• _PROBLEM TO SOLVE_: Repeat the lines from the line with "Building Photo - 863 Hammond Manor Dr" to the line with "Wedding mice couple" in the listing below, keeping both end lines and adding nothing.

• _SOURCE DATA_:
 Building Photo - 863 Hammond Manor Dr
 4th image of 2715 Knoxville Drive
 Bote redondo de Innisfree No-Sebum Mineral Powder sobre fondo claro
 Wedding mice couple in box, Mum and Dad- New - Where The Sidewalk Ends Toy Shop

* * *

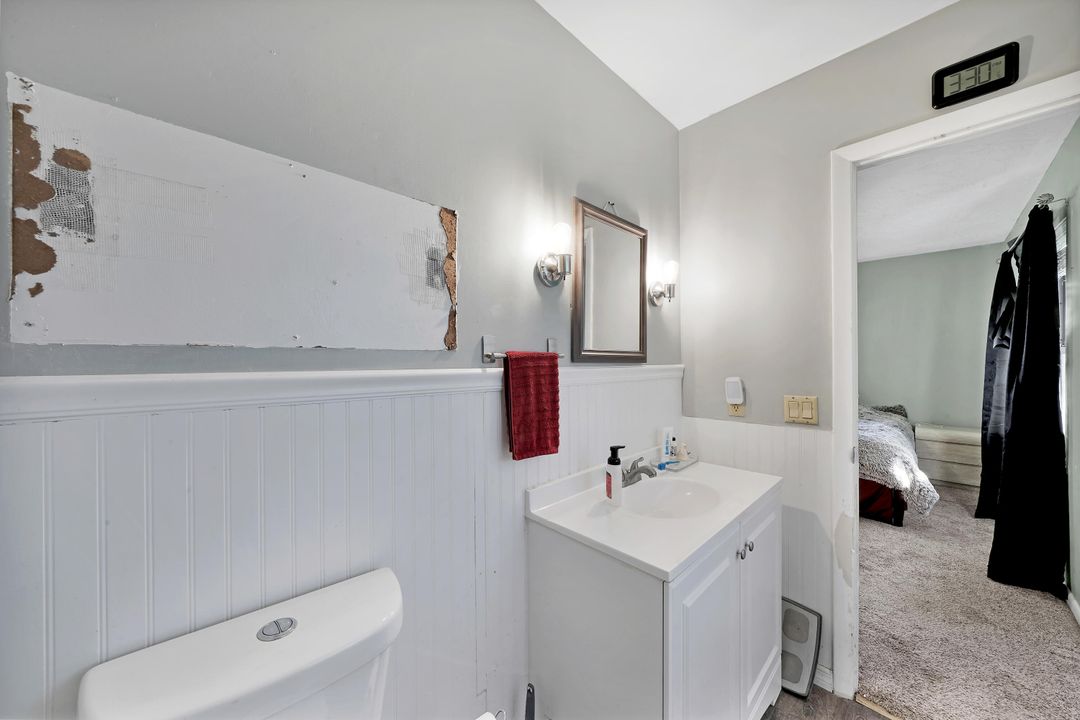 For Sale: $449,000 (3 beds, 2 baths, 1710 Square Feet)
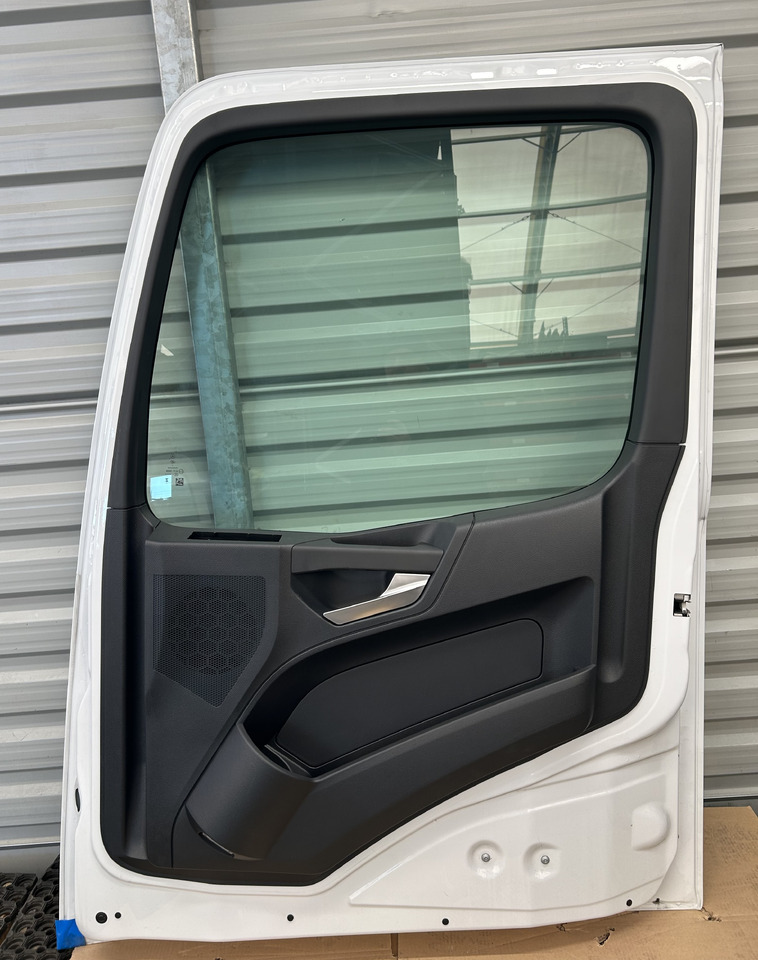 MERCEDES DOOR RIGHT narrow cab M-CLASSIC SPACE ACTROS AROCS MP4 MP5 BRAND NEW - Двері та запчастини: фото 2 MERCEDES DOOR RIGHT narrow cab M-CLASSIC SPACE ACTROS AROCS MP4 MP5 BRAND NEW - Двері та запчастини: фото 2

...

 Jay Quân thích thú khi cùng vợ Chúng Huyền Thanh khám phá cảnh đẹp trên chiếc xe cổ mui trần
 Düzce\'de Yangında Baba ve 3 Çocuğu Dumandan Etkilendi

• _EXERCISE ANSWER_:
 Building Photo - 863 Hammond Manor Dr
 4th image of 2715 Knoxville Drive
 Bote redondo de Innisfree No-Sebum Mineral Powder sobre fondo claro
 Wedding mice couple in box, Mum and Dad- New - Where The Sidewalk Ends Toy Shop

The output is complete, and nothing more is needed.